Ciascun essere umano, fin dall’età della prima consapevolezza, elabora un’idea di sé. Dice: io ho un nome, dei genitori, una patria, dei beni, dei sogni, dei gusti, e compio delle azioni che dipendono dalla mia volontà. Io sono questo. Egli vive in questa convinzione, spesso, tutta la vita, ignorando che ciascuna delle caratteristiche che si attribuisce è passeggera, contingente, e quindi fatua e destinata a perire nello stesso modo in cui il tempo l’ha vista sorgere.
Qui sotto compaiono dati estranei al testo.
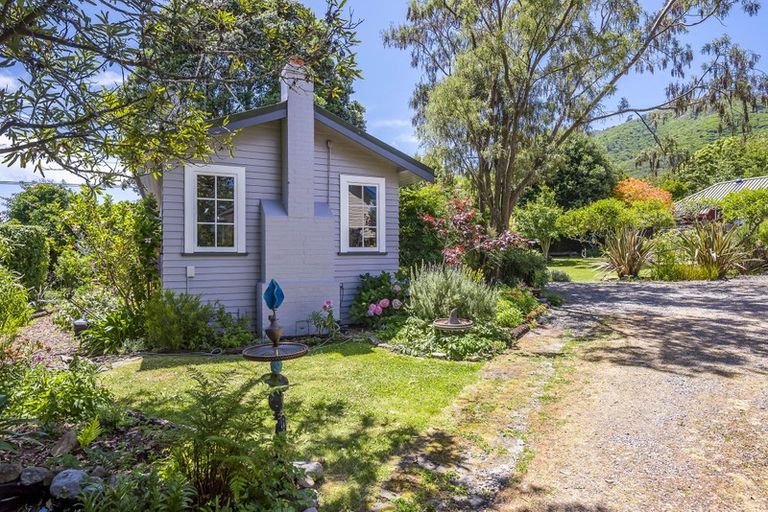 Photo of property in 25 Seddon Street, Waikanae, 5036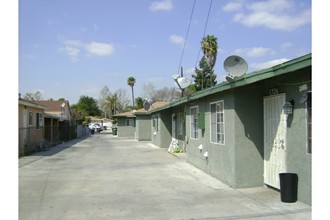 6916 Emil Ave in Bell Gardens, CA - Building Photo - Building Photo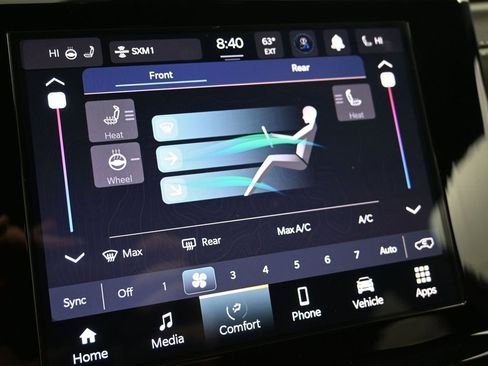 Used 2025 Jeep Grand Cherokee L Altitude AWD/4WD image 19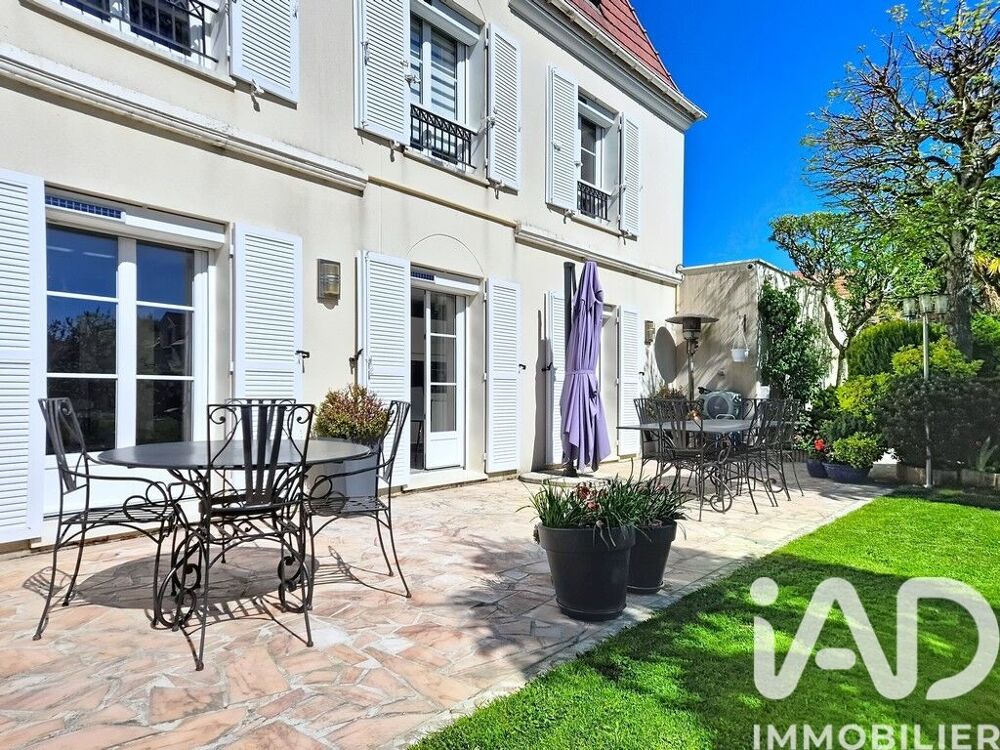 Vente Maison Vente Maison traditionnelle 9 pièces Ozoir-la-ferrière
Chi assapora la vera iniziazione a Cristo, invece, un bel giorno si ferma e si chiede: cosa non sono io? Dio è in me attraverso la Santa Eucaristia, attraverso lo Spirito Santo, attraverso la sua Parola. Io sono in lui perché Egli mi riconosce come essere creato a sua immagine e somiglianza, e si palesa alla mia coscienza la certezza che la dualità tra Creatore e creatura è pura illusione: «in lui infatti viviamo, ci muoviamo ed esistiamo […] poiché di lui stirpe noi siamo» (At 17, 28).

Dunque io sono Dio, ma non nel modo in cui credeva Adamo, che a Dio voleva sostituirsi credendosi un dio tra gli dèi: sono Dio se sono perfetto come il Padre mio che è nei Cieli (Mt 5, 48), e quindi se desidero, in fine, disciorgliermi dal corpo per dissolvermi in Cristo (Fil 1, 23).

Se sono figlio di Dio in Cristo, io sono Dio. E per esserlo devo abbandonare tutti gli idoli, le illusioni false e bugiarde che mi allontanano dall’unica certezza: l’Essere è e il non-Essere non è; ciò che non è non può essere pensato.